La svolta avvenne ad Ariano Irpino. “Avevo scritto un’istanza di scarcerazione per un detenuto, m’ero studiato il codice di esecuzione penale e avevo capito che a quello avevano fatto uno sgarbo, insomma un errore, ho scritto l’istanza ed è uscito. Da allora c’era un via vai pazzesco nella mia cella, tutti che volevano che scrivessi istanze”.

Poi a Bologna, al suo avvocato locale, dice: “Quando esco facciamo un’associazione per quelli dentro che stanno per venir fuori, promesso?”.

Dalla promessa ai fatti un po’ di tempo. “Beh, prima c’è stato un periodo di assestamento, quattro o cinque mesi. Non so spiegare… mi mancavano le donne, dopo mi sono messo sotto con l’associazione”.

Perché poi uno non si accorge subito di essere fuori, di essere libero, il carcere te lo porti dentro per un bel po’. “Me ne sono accorto davvero quando ero in Sala Borsa a leggere. Stavo lì in biblioteca e

scoppia un acquazzone meraviglioso, alla Dozza quando pioveva ci rinchiudeva, sia mai che ci ammalassimo. Allora, sono uscito sotto l’acqua e ho aperto le braccia al cielo, urlando: 'Sono libero!' Mi avranno preso per pazzo”.
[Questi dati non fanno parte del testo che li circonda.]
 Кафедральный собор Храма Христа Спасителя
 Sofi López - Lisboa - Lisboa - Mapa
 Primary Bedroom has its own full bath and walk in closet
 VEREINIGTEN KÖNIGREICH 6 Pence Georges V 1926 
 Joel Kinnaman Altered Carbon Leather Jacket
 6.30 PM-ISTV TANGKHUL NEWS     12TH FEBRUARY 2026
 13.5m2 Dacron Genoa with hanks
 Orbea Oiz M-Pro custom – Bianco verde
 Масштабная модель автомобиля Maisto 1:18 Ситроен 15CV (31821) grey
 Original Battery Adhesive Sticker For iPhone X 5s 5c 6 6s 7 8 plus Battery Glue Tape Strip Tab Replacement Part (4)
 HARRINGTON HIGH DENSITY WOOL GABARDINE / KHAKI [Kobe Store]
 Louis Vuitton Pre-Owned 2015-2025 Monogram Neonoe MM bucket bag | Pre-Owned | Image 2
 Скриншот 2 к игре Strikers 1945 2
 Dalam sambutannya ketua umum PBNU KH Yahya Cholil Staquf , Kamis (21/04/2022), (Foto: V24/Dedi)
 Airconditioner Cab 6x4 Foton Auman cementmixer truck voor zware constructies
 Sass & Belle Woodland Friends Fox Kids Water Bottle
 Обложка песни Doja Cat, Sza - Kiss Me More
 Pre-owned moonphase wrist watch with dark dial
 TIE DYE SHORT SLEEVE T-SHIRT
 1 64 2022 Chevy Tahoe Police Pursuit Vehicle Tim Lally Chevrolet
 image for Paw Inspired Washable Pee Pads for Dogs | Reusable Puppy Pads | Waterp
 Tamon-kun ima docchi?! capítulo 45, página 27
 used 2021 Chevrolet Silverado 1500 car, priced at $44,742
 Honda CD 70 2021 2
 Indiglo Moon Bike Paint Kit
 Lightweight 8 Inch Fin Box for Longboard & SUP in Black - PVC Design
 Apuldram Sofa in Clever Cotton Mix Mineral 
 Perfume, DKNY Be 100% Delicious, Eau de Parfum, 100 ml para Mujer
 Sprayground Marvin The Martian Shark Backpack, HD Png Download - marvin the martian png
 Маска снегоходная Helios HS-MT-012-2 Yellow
Importate per “Ribelli” è stata una conferenza alla Casa del Fanciullo sulla giustizia riparativa. “Ho esordito dicendo: “Mi chiamo Gianfranco Marcelli e sono stato riparato, bene e o male non lo so”. E si sono messi a ridere, così ho potuto spiegare le difficoltà che si incontrano fuori dal carcere. Poi ci siamo uniti io e altri quattro ex detenuti, abbiamo cacciato fuori 250 euro a testa e fondato l’associazione e… siamo ancora qua”.